■ Exercise
In the records below, find the line containing "カプリス戸坂中町 3DKの間取図画像" and print it and every line after it exactly, through the end. Skip pictures.

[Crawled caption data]
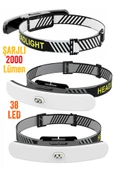 Pro USB Şarjlı Kafa Lambası 2000 Lümen 38 LED Geniş Açı Kamp Lambası Avcı Balıkçı Kafa Feneri 5401 - 1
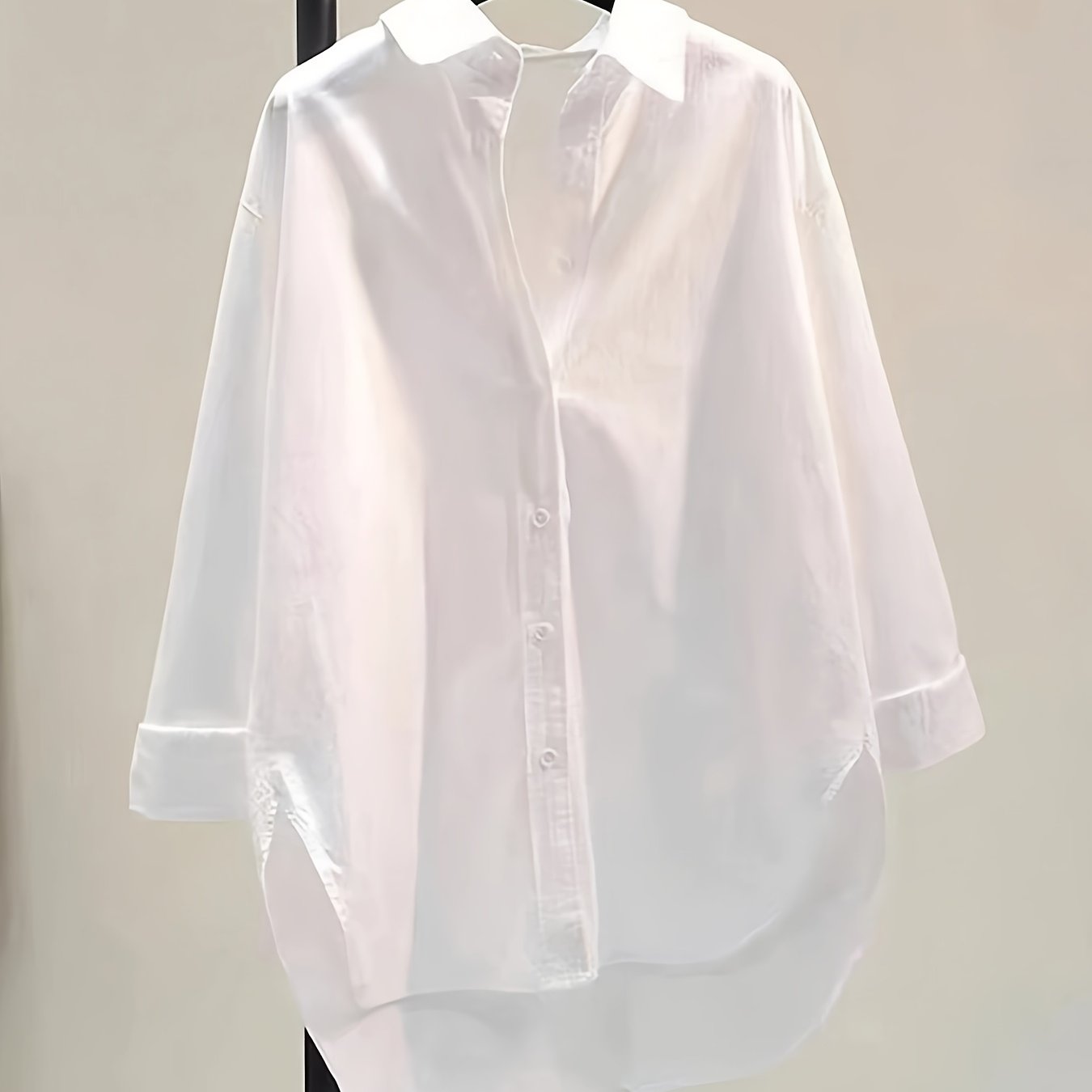 TEMU Damska Casualowa Koszula z Długim Rękawem, Luźna z Kołnierzykiem i Guzikami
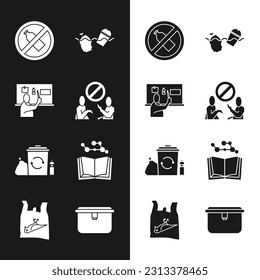 Set Stop plastic pollution, No bottle, Problem of the ocean, Recycle bin with recycle, Open book, Lunch box and Dead bird, icon. Vector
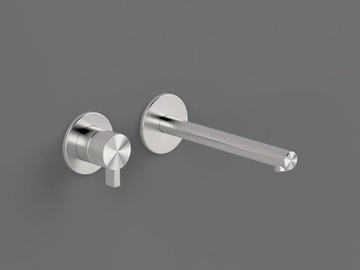 TQN18 - 2 hole wall-mounted single handle stainless steel washbasin mixer by Radomonte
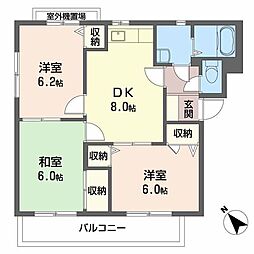 カプリス戸坂中町 3DKの間取図画像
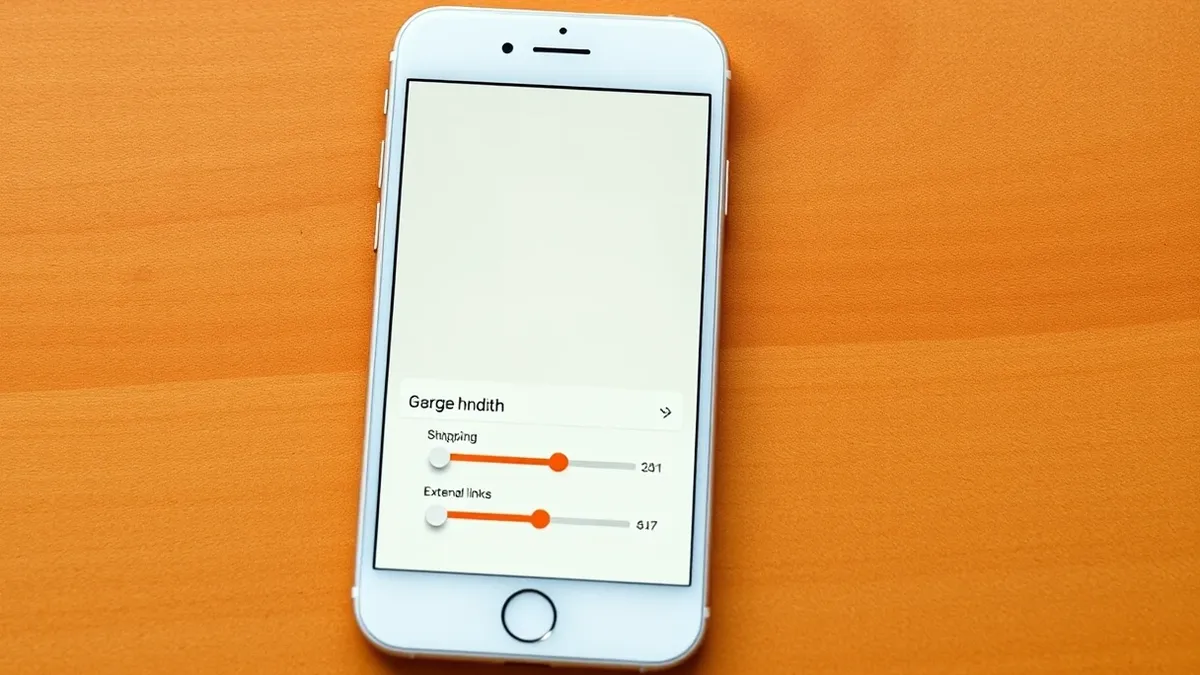 Illustration: A white smartphone rests on a wooden table, its blank screen displaying a simplified chat interface with a single generic hyperlink.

■ Written response
 カプリス戸坂中町 3DKの間取図画像
 Illustration: A white smartphone rests on a wooden table, its blank screen displaying a simplified chat interface with a single generic hyperlink.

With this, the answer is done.